> Activity
Using the records below, reproduce exactly the lines from the one containing "Buddhafiguren FC Bayern" through the end, and nothing more; skip the images.

*** Opening Entries supplied ***

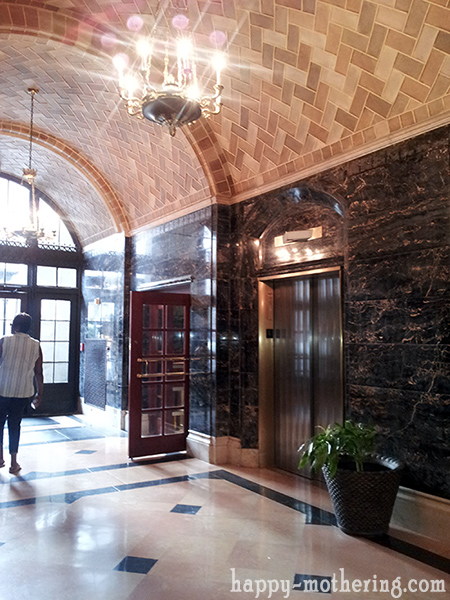 Hilton New Orleans entryway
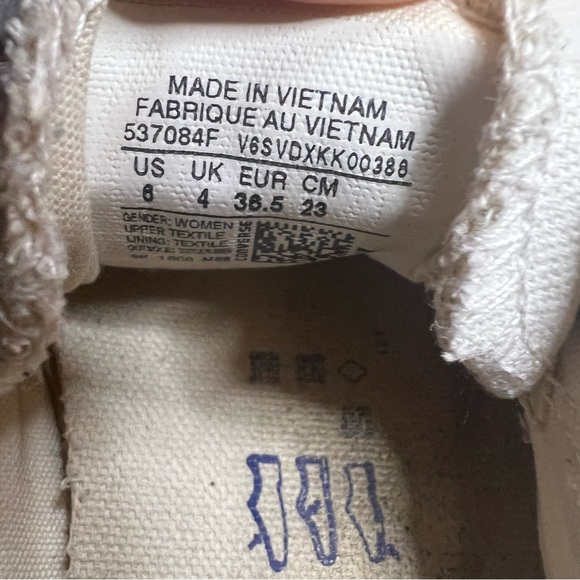 Converse White All Star Sneakers size 6 - Picture 7 of 7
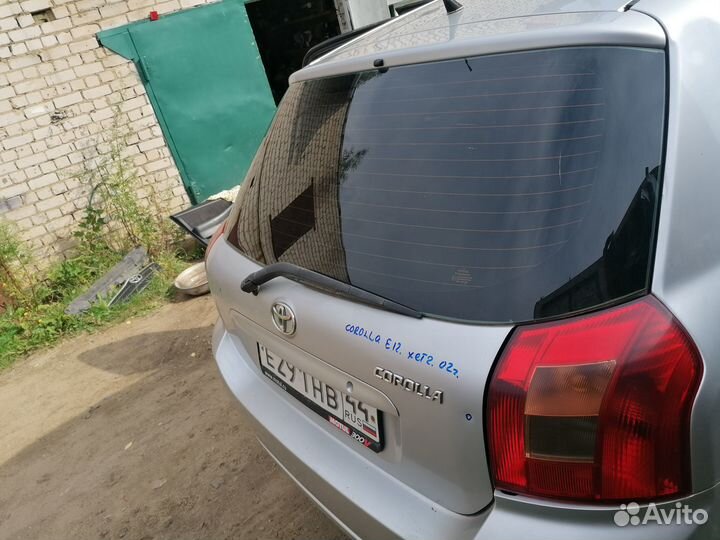 Дверь багажника со стеклом хетчбек Toyota Corolla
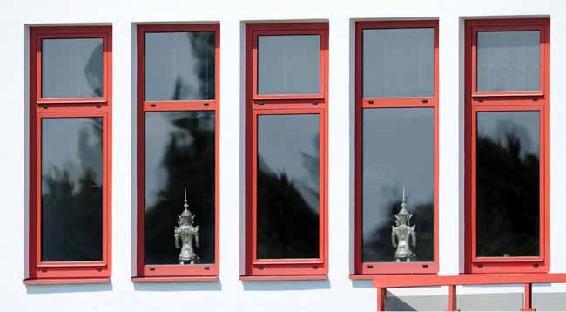 Buddhafiguren FC Bayern Leistungszentrum Jürgen Klinsmann 2008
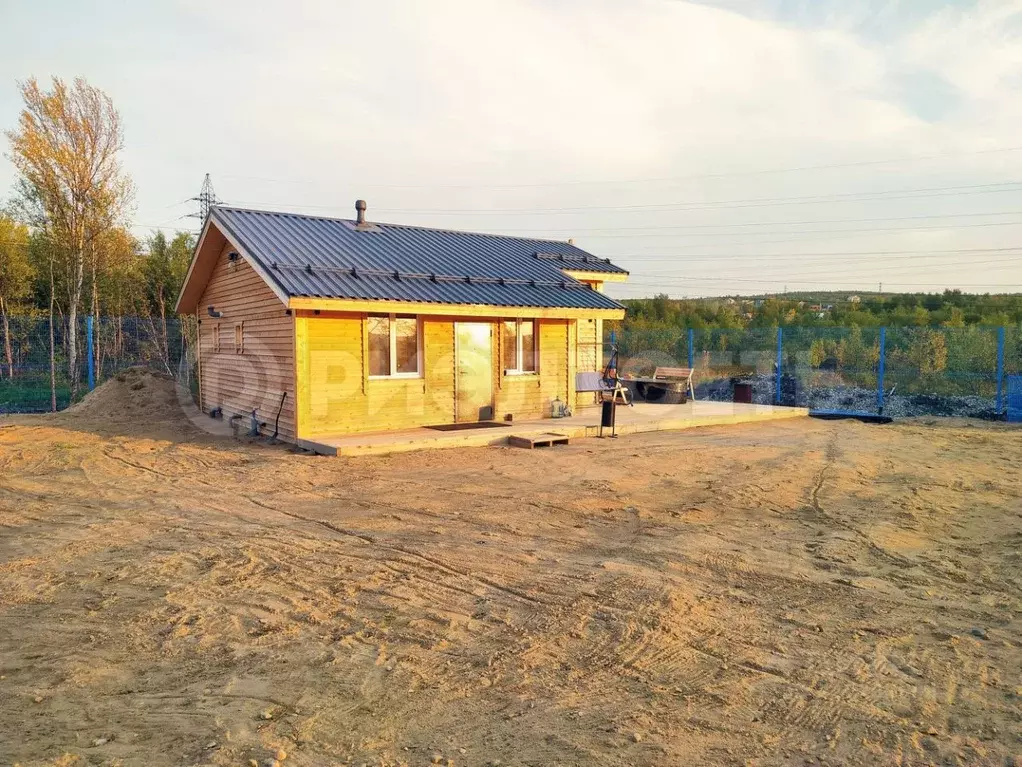 Дом в Мурманская область, Кола Дорожная ул., 51 (58 м) - Фото 1
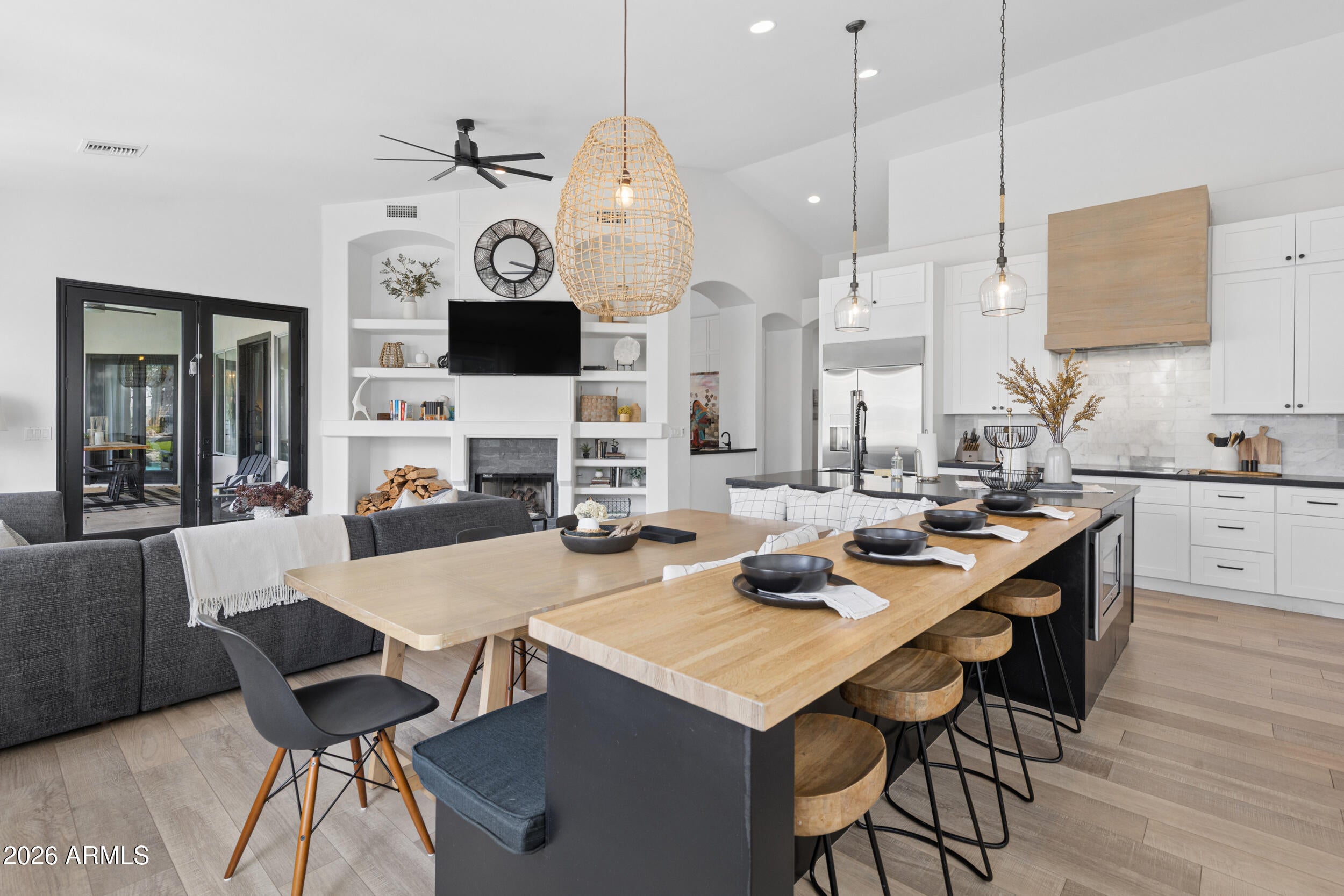 1465 W ISLAND Circle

*** Closing Entries supplied ***

> Answer for this exercise
 Buddhafiguren FC Bayern Leistungszentrum Jürgen Klinsmann 2008
 Дом в Мурманская область, Кола Дорожная ул., 51 (58 м) - Фото 1
 1465 W ISLAND Circle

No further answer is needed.